Rust had gotten me the job in the first place. I was a Barry Goldwater fanatic; had worked on a political campaign a year or so before; Friend Shari’s grandmother was a big poobah in the Republican party, and The Pioneer was a Republican paper. The Pioneer’s publisher, John Hoffman III, had been injured in a car wreck that had killed his wife. Rust thought Hoffman could use some help, so he introduced us. [That’s Hoffman in a wheelchair covering a high school football game.]

Hoffman said, “We’re not making much money; we can only afford to pay you $75 or $100 every two weeks.”

Not completely understanding how this negotiating game was played, I promptly said, “I’m just getting started out. I’ll take $75.”

Wall to wall people

Rust described the convention as “wall to wall people.” Always a sucker for numbers, I shared that the event was linked to the world with 30 TV cameras, 325 teletypewriter lines, 264 radio circuits and over 3,000 telephones.

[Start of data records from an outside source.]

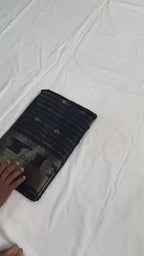 🌿 Premium Fox Georgette Saree – Kalamkari Border, Copper Zari Weaving & Designer Butti Blouse 🌿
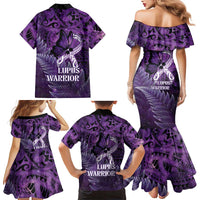 Lupus Awareness Month New Zealand Family Matching Mermaid Dress and Hawaiian Shirt Be Strong Warrior Maori Silver Fern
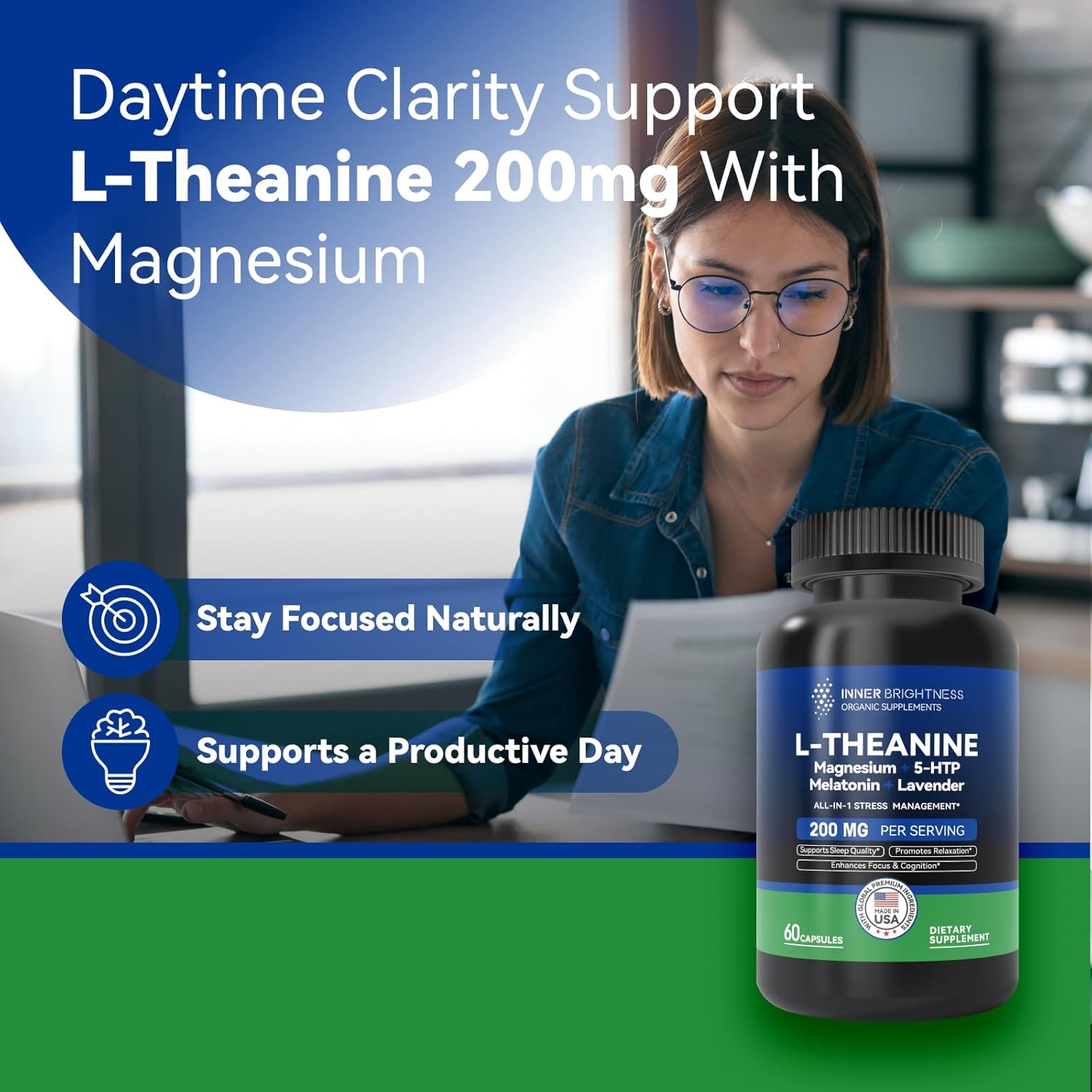 L Theanine 200mg, Magnesium, 5-HTP & Melatonin – All-in-1 L-Theanine Supplement for Stress Relief, Focus & Cognition, Sleep - 60 Capsules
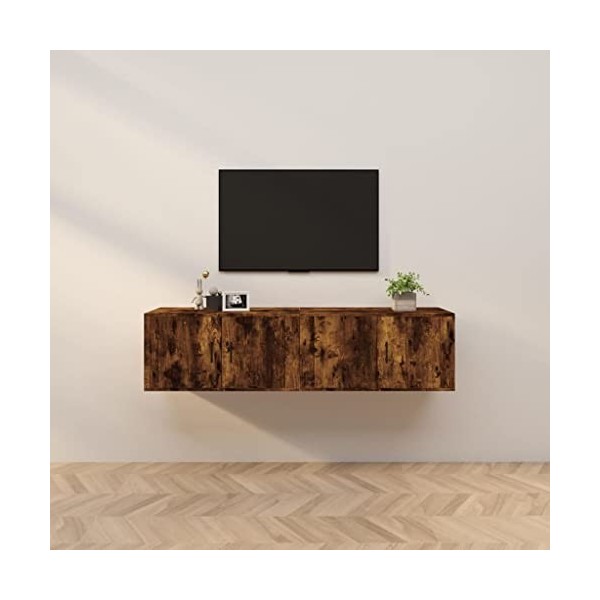 VEEKI Meuble TV, Meuble TV Suspendu, Meuble, Meuble TV avec Rangement，Meuble Industriel, Convient pour Salon ou Chambre, Meub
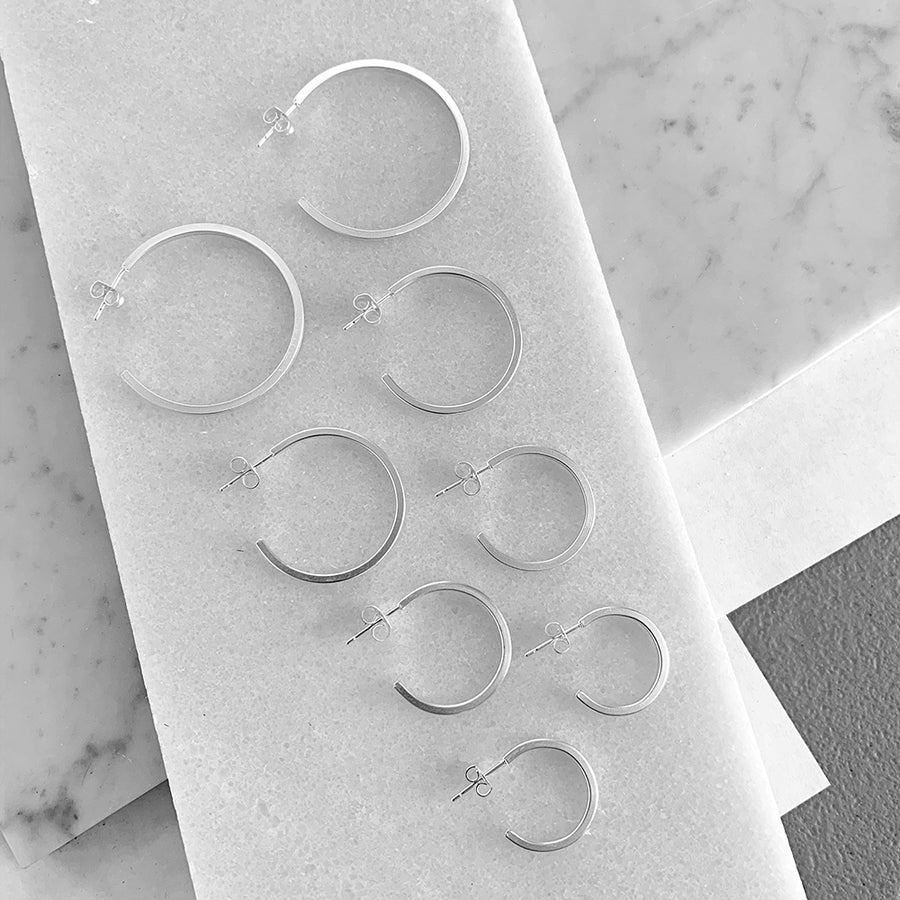Square Profile Silver Hoop Earrings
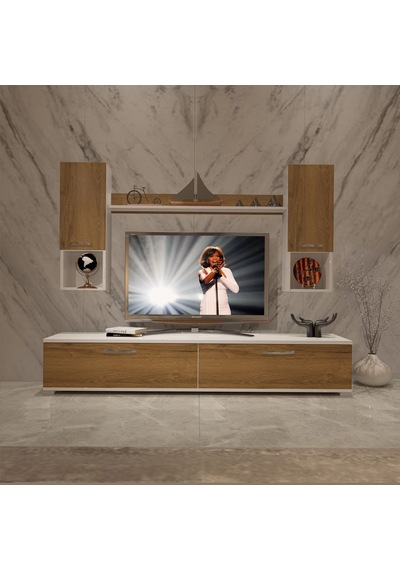 Decoraktiv Eko 5da Mdf Std Tv Ünitesi Tv Sehpası - Beyaz Pera Beyaz - Meşe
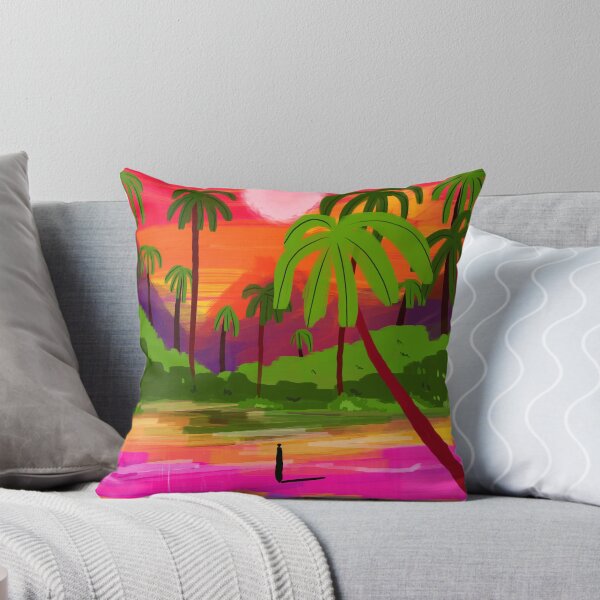 Item preview, My Shadow & I, Sunset Painting Lake Beach Seashore, Tropical Nature Landscape Colorful Bohemian Traditional, Travel Concept Companion designed and sold by 83oranges.com.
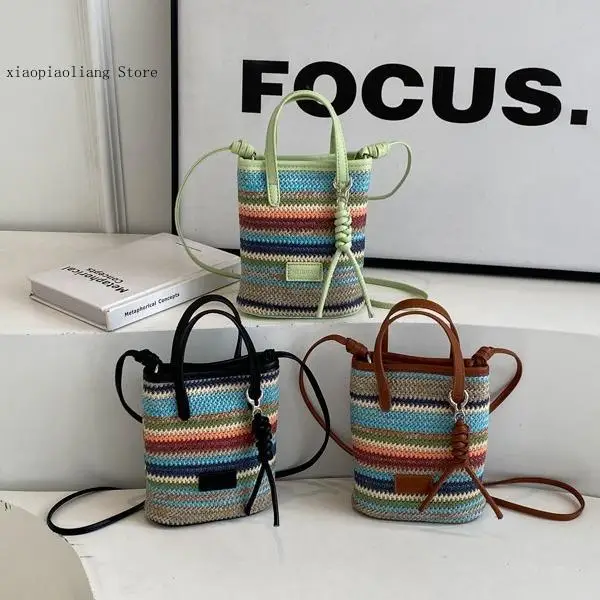 Fashionable Mobile Phone Bag for Summer High-End Casual Versatile Simple Color Blocking Hand-Held Single Shoulder Crossbody Bag
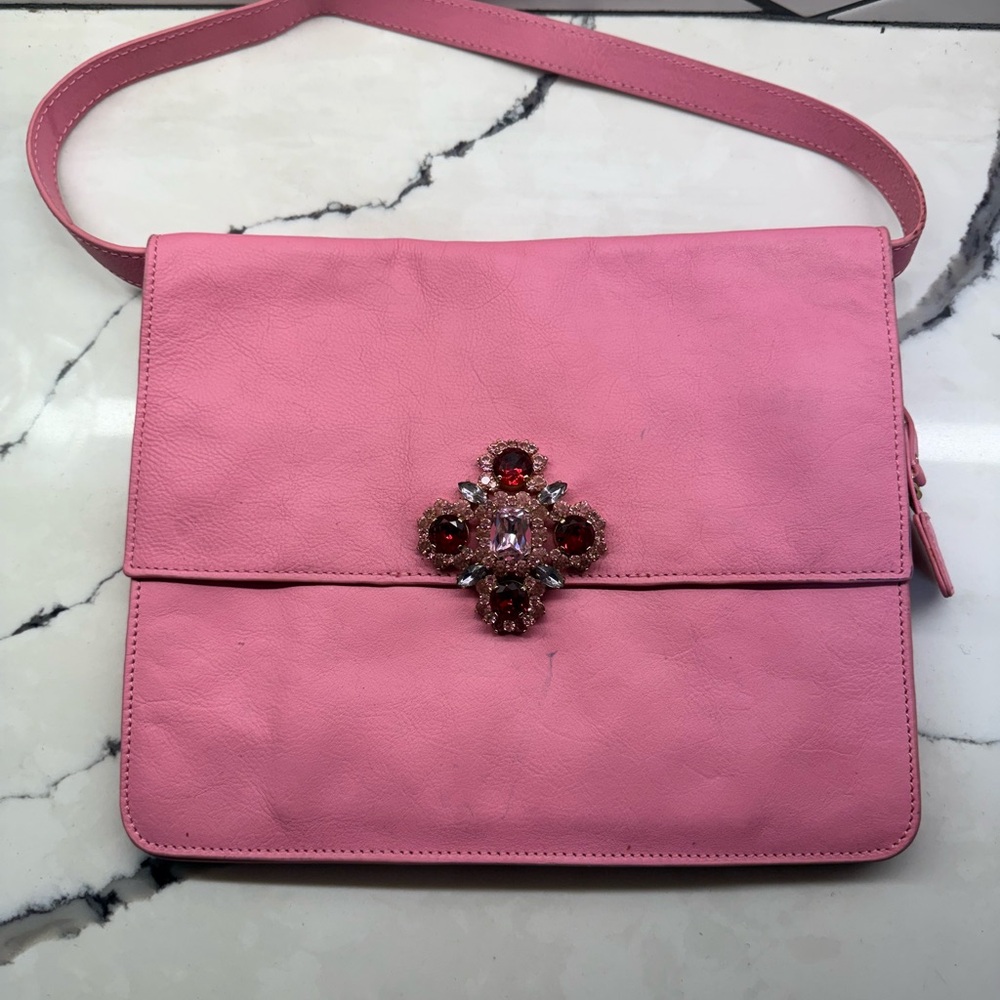 Vintage Juicy Couture - Pink Leather - Broach - Purse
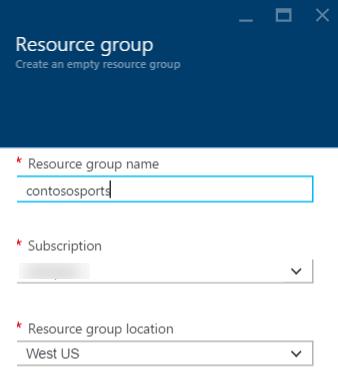 Specify the name of the resource group as contososports, and choose the Azure region you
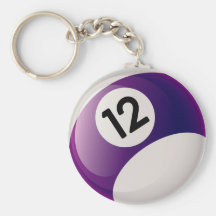 NUMBER TWELVE BILLIARDS BALL KEY CHAIN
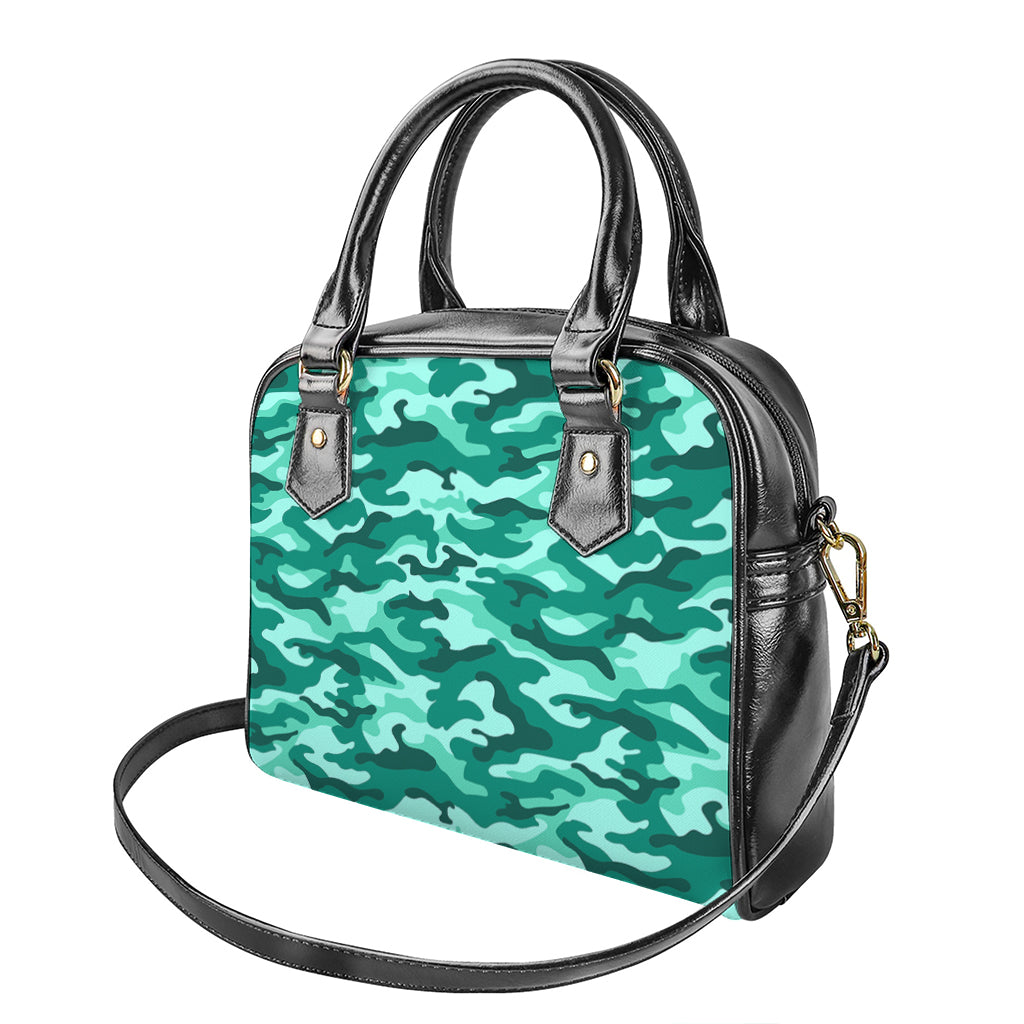 Teal Camouflage Print Shoulder Handbag
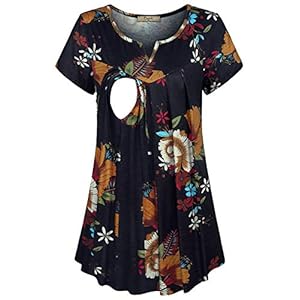 JOYMOM Maternity Summer Split V Neck Short Sleeve Breastfeeding Tunics Tops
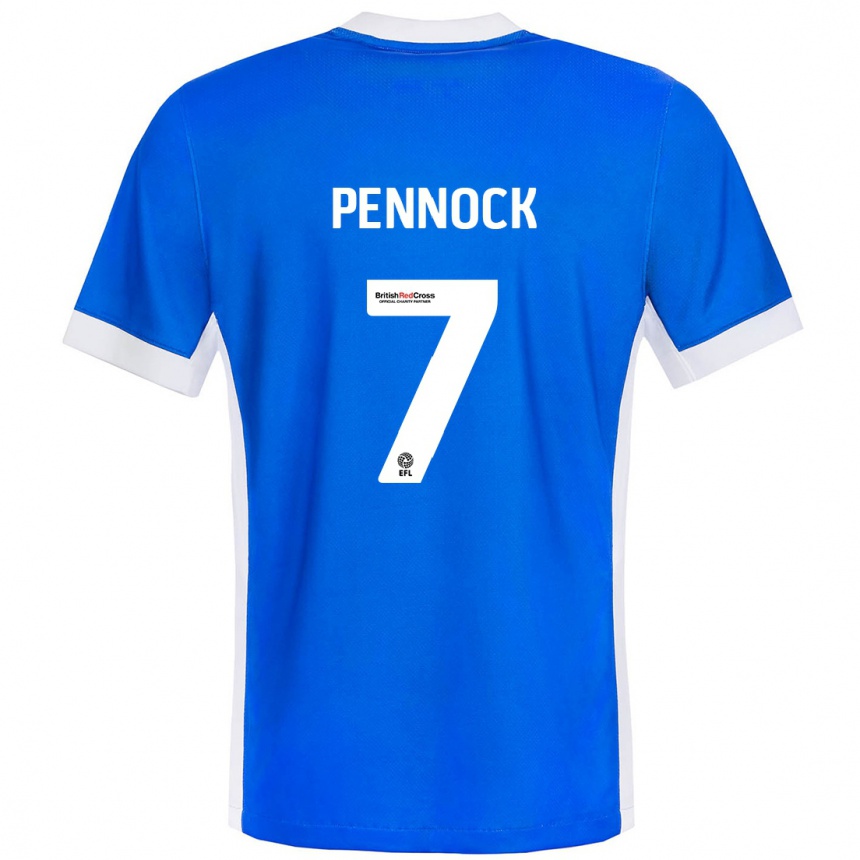 Kids Football Jade Pennock #7 Blue White Home Jersey 2024/25 T-Shirt Uk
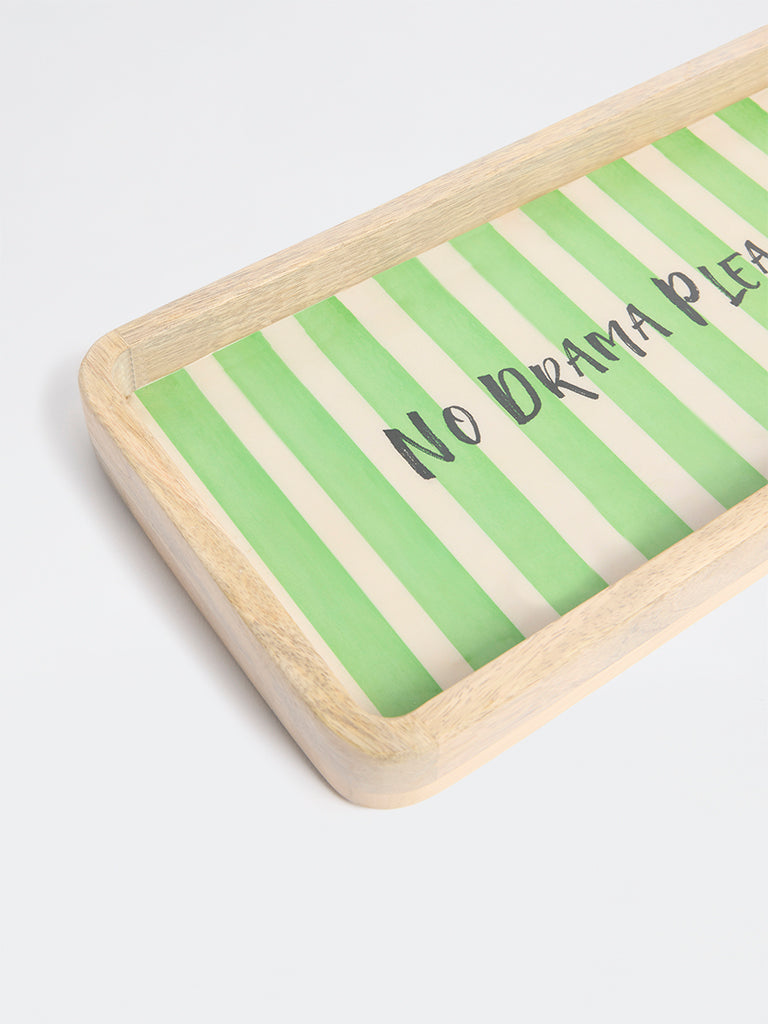 Westside Home Green Striped Wooden Tray
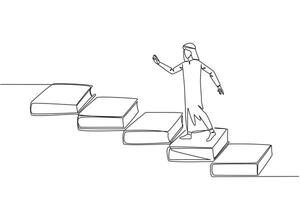 Single continuous line drawing Arab man climb stairs from books. Reading increases knowledge which can increase the dignity of a better life. Book festival concept. One line design illustration vector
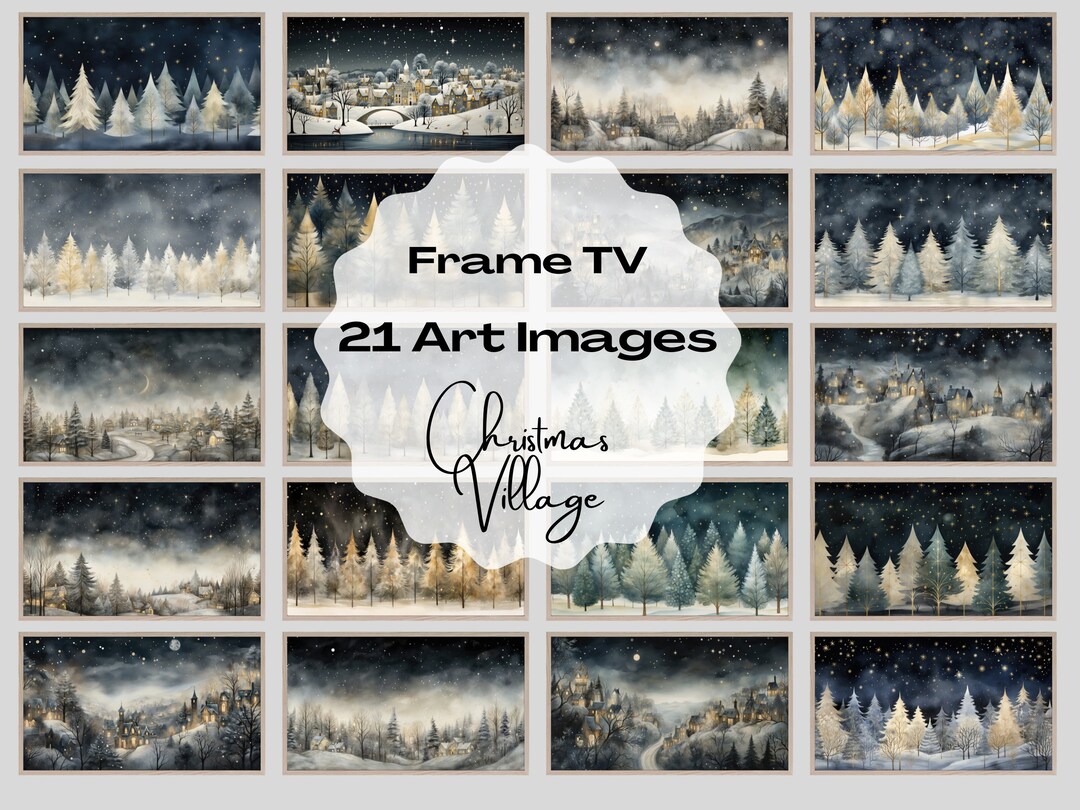 Samsung Frame TV Christmas Village Scenes Set of 21 Mega Bundle Festive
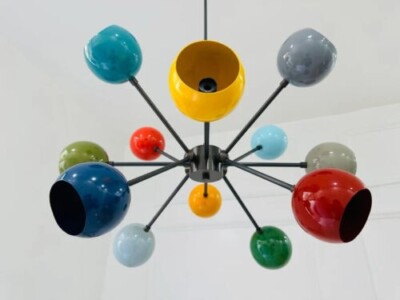 Mid Century Style Eyeball Shade Multicolored Brass Sputnik 12 Arms Light Fixture
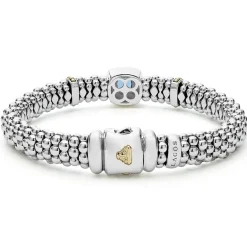 Cheap Swiss Blue Topaz Caviar Bracelet | 9Mm Two-Tone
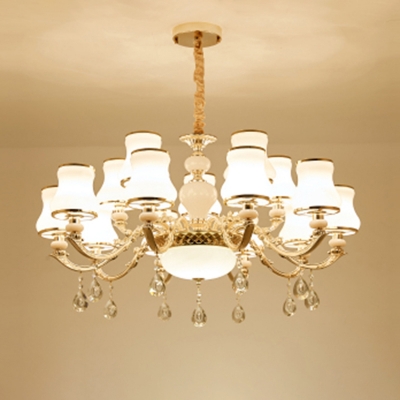 Curve Living Room Suspension Light Retro White Glass Gold Chandelier with K9 Crystal Deco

He said the convention was basically a “fight between the liberals and the conservatives of the Republican Party. By the end of the week everyone was trying to outdo the other in being a conservative. About 80% of those attending the powwow were behind Goldwater.

Counting hand claps

I never watched one of those political events afterward without thinking about an observation he made. It was reported that immediately after Goldwater spoke, there was a brief silence before the applause.

It wasn’t the type speech you clap or applaud. It was more an outline of his principles and philosophies, and it was a shame to have to applaud, but we were all politically-minded enough to know there was probably someone in the back of the room marking down ’26 hand claps for Nixon – hmmmm, only 22 hand claps for Goldwater…’

Could have torn them up

Rust told the group, including candidates Jean Ann Bradshaw, Truman Farrow, Robert Hemperley and Harold Kuehle, that most of the Goldwater people there were “most generous and decent. At any time during the convention, they could have torn them (the Scranton people) up on any vote.”

Goldwater’s success came as a shock to many people. Rust said, “We found ourselves with a winner and we didn’t even know how to celebrate.

I’ll tell you later about another paper in the stack: my story of covering Ronald Reagan stumping for Goldwater and how I got to meet the new Linotype operator.

You can see photos of Goldwater campaigning in Cairo here. There was some talk about The Pioneer’s staff throwing yellow food coloring in the Jackson Courthouse fountain so Jacksonians would wake up to real gold water, but I don’t know if that got beyond the talking stage. I doubt that they could have scraped together enough money to buy the food coloring.

Gary Rust went on to become a newspaper publishing magnate in the region. I don’t know if he ever saw my story.